Writing media files
Mediabunny enables you to create media files with very fine levels of control. You can add an arbitrary number of video, audio and subtitle tracks to a media file, and precisely control the timing of media data. This library supports many output file formats. Using output targets, you can decide if you want to build up the entire file in memory or stream it out in chunks as it's being created - allowing you to create very large files.
Mediabunny provides many ways to supply media data for output tracks, nicely integrating with the WebCodecs API, but also allowing you to use your own encoding stack if you wish. These media sources come in multiple levels of abstraction, enabling easy use for common use cases while still giving you fine-grained control if you need it.
Creating an output
Media file creation in Mediabunny revolves around a central class, Output
. One instance of Output
represents one media file you want to create.

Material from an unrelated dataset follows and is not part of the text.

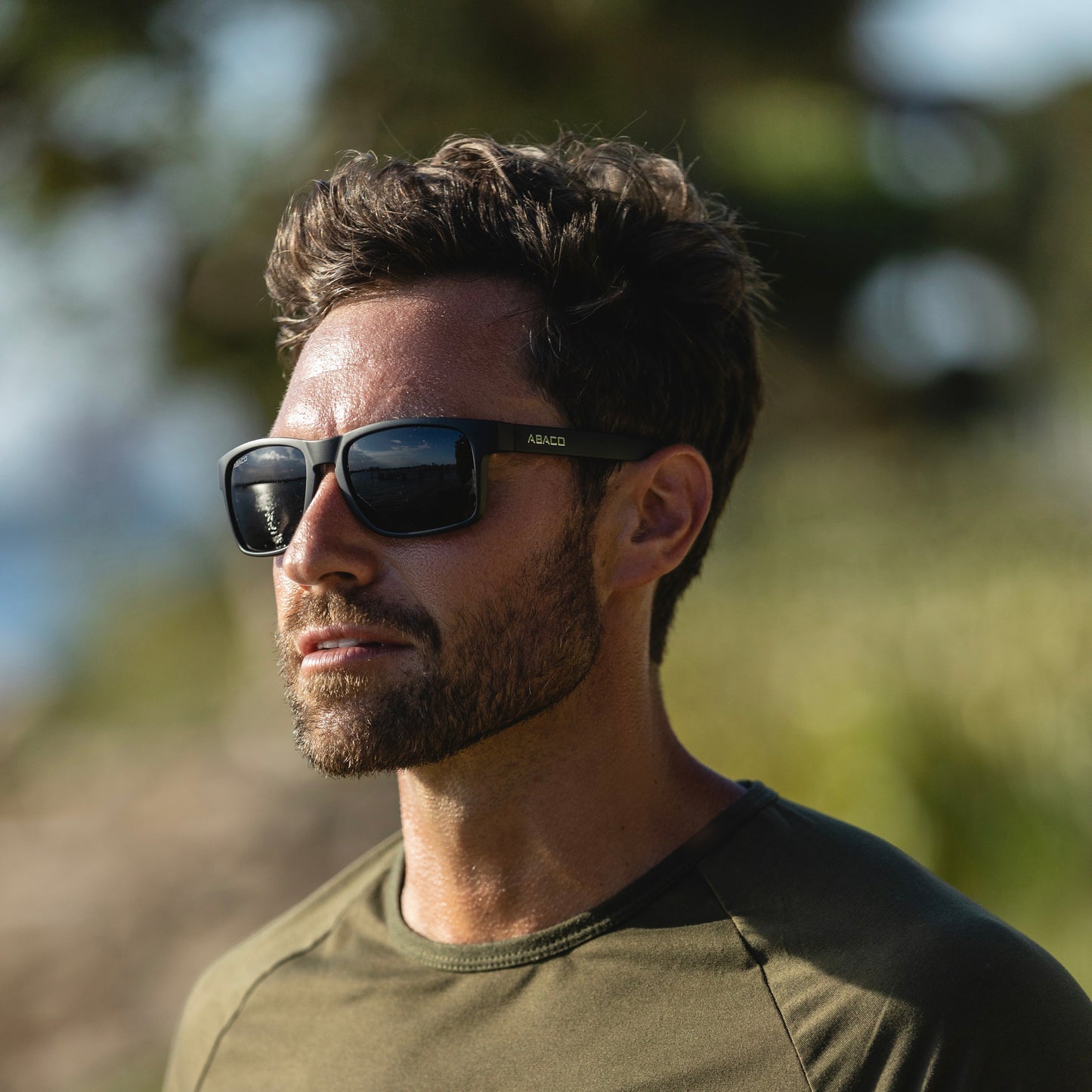 Abaco Dockside MATTE BLACK/GRE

Start by creating a new instance of Output
using the desired configuration of the file you want to create:
import { Output, Mp4OutputFormat, BufferTarget } from 'mediabunny';
// In this example, we'll be creating an MP4 file in memory:
const output = new Output({
format: new Mp4OutputFormat(),
target: new BufferTarget(),
});
See Output formats for a full list of available output formats.

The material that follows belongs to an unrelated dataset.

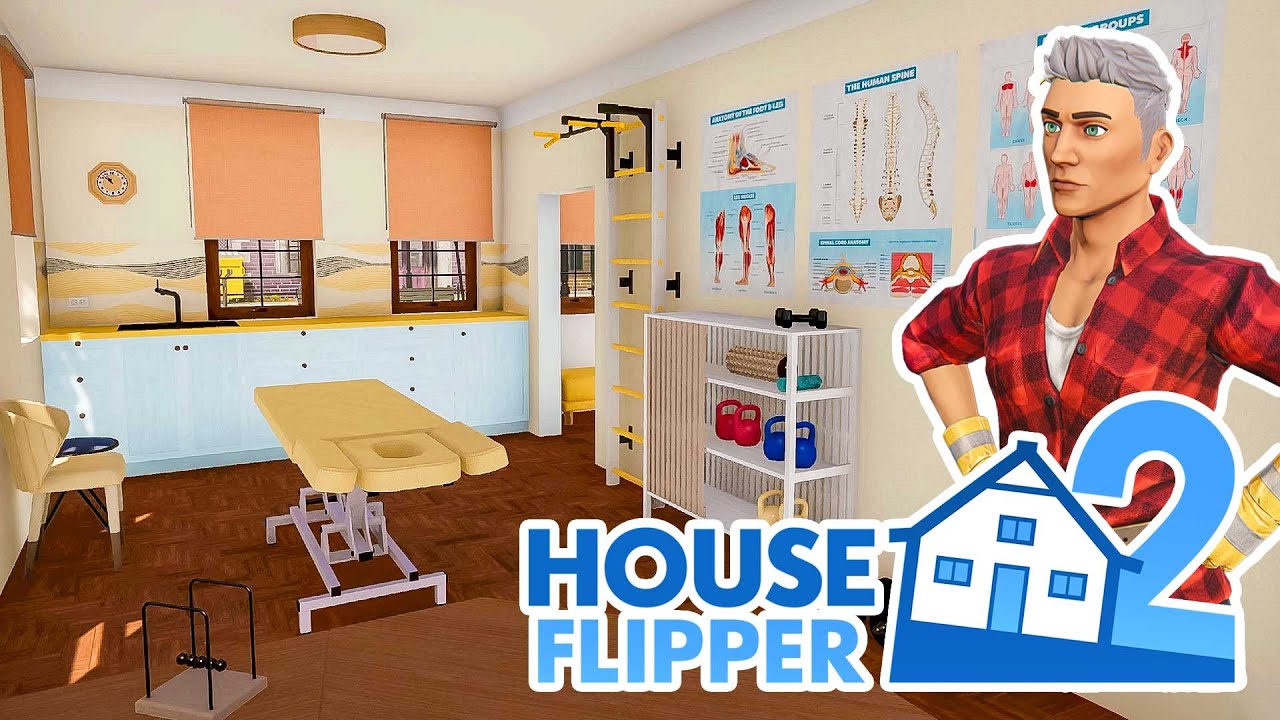 Die Praxis kann eröffnet werden - House Flipper 2 #05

See Output targets for a full list of available output targets.
You can always access format
and target
on the output:
output.format; // => Mp4OutputFormat
output.target; // => BufferTarget
Adding tracks
There are a couple of methods on an Output
that you can use to add tracks to it:
output.addVideoTrack(videoSource);
output.addAudioTrack(audioSource);
output.addSubtitleTrack(subtitleSource);
For each track you want to add, you'll need to create a unique media source for it. You'll be able to add media data to the output via these media sources. A media source can only ever be used for one output track.
Optionally, you can specify additional track metadata when adding tracks:
// This specifies that the video track should be rotated by 90 degrees
// clockwise before being displayed by video players, and that a frame rate
// of 30 FPS is expected.
output.addVideoTrack(videoSource, {
// Clockwise rotation in degrees
rotation: 90,
// Expected frame rate in hertz
frameRate: 30,
});
// This adds two audio tracks; one in English and one in German.
output.addAudioTrack(audioSourceEng, {
language: 'eng', // ISO 639-2/T language code
});
output.addAudioTrack(audioSourceGer, {
language: 'ger',
});
// This adds multiple subtitle tracks, all for different languages.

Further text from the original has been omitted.